To stress his point, Liberty Cause set off an F-bomb and held a sign bearing the obscenity.

Liberty Cause, not for the first time, threatened to sue Deltona if his freedom of speech is curbed. The city’s attorneys would not dismiss the possibility that he could do that.

Liberty Cause and other speakers were at Deltona City Hall for a repeat of the parliamentary pandemonium that broke out at the June 17 meeting. Like that meeting, the July 1 session featured an abundance of foul and filthy remarks, but the crowd was somewhat smaller.

“You’re going to tell me what kind of language I can use?” Pat Gibson asked commissioners, following up with a string of vulgar words.

While some spectators once again showed up with signs demanding that City Manager Jane Shang be fired, obscene and vulgar language poured forth from those who came to test the City Commission’s revised operating rules.

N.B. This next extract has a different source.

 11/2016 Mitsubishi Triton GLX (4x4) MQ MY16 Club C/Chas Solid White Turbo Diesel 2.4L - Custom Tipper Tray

Because city officials feared a possible outbreak of violence, security at City Hall was heightened. Extra Volusia County sheriff’s deputies were on hand to screen for weapons and other contraband.

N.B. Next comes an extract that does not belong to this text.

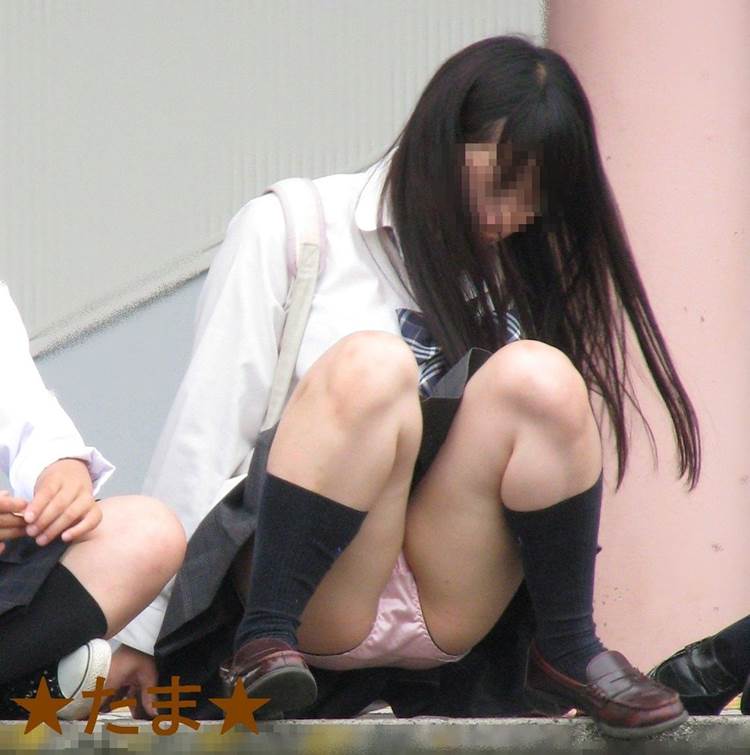 JK_座りパンチラ_街撮り盗撮画像05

Everyone going from the lobby into the City Commission Chambers was required to put his or her personal effects — wallets, purses, keys, cameras, phones, etc. — into plastic bins and walk through a metal detector.

In another big change, the part of the meeting set aside for listening to comments from Deltona residents and others was moved from early in the meeting to near the end.

Mayor Heidi Herzberg said the amended rules dealing with debate and public participation balance the right of free speech with the City Commission’s prohibition of disorderly and disruptive conduct.

“No one is here to take anyone’s First Amendment rights away,” Herzberg said.

One of the new provisions reads as follows:

“Any person who engages in disorderly conduct or utters loud, threatening, offensive, or abusive language that disrupts, disturbs, or otherwise impedes the orderly conduct of any City Commission Meeting and the conducting of City business, shall at the discretion of the Mayor or a majority of the Commission, be barred from further audience before the City Commission during that meeting.”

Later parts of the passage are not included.